Referring first to FIGS. 1-3, novel mixing processor 10 of one embodiment of the invention includes rotor 12 mounted on drive shaft 14 for rotation within a stationary element comprising housing 16. Rotor 12 carries mixing channels 18 each having opposed side walls 20 extending inwardly from rotor surface 22. Means 24 for rotating rotor 12 may be of any suitable type commonly used for rotating extruders or similar processing apparatus and are well known to those skilled in the art. Housing 16 provides coaxial closure surface 26 cooperatively arranged with surface 22 of rotor 12 to form with channels 18 enclosed mixing passages 28, 30 and 32. Representative passage 28, as shown in FIG. 2, includes inlet 34 and outlet 36, formed in housing 16. Stationary member 40, associated with housing 16, fits closely within channel 18 and provides end wall 38 for the passage near outlet 36. End wall 38 and outlet 36 are positioned downstream of and a major portion of the circumferential distance about the passage from inlet 34.
In operation viscous liquid material entering the passage through inlet 34 is dragged by rotating side walls 20 toward end wall 38 for collection as a recirculating pool and pressurization induced by the continued rotation of side walls 20 past the pool for discharge from the passage through outlet 36. The pressurization of viscous material at the stationary end wall of a rotating annular channel and the discharge through an outlet is described in detail in U.S. Pat. Nos. 4,142,805 and 4,194,841, referenced above.

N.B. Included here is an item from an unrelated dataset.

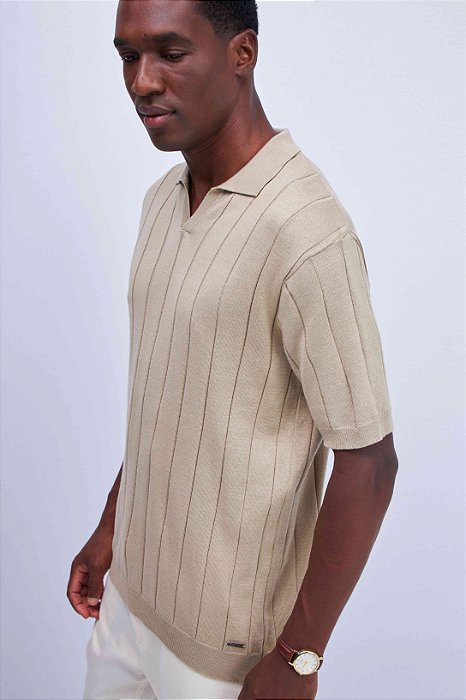 POLO SLIM VISTA SEM BOTÕES EM TRICOT LISTRADO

FIGS. 2 and 3 illustrate means according to the invention for introducing low viscosity liquid to the passage for mixing with the viscous material. Spreader 42, associated with housing 16, extends into channel 18 to block at least some of the material entering passage 28 and spread the material dragged past the spreader onto side walls 20 of the passage to be carried toward end wall 38 as films 52 on the side walls, creating void 43 betwen the films and downstream of spreader 42. Spray means 44 for introducing solvent liquid to the passage from a point within the void is illustrated in FIGS. 2 and 3 as a conventional conduit and spray nozzle assembly arranged to receive low viscosity liquid from supply means 46, normally positioned outside of the housing. In a preferred arrangement, spray means 44 is carried by spreader 42 with the spray nozzle positioned within void 43 at or near downstream surface 48 of spreader 42. In operation, as illustrated in FIG. 3, viscous material entering the passage at inlet 34 is collected upstream of spreader 42 and is spread as films 52 on rotating side walls 20 of the passage, creating void 43 downstream of the spreader. Low viscosity liquid from supply means 46 is introduced to the passage through spray means 44 and is sprayed onto films 52 from a point within void 43, as shown at 54, thus avoiding plugging of the spray nozzle by back pressure from the viscous material. The sprayed liquid is carried with films 52 toward end wall 38 to be collected with the viscous material as recirculating pool 58. In pool 58 a vigorous mixing action is effected, as shown by arrows 60, by the continued rotation of side walls 20 past the recirculating pool. This mixing action finely disperses and/or dissolves the low viscosity liquid in the viscous material. The mixture of viscous material and low viscosity liquid is pressurized for discharge from the passage through the outlet, as described above.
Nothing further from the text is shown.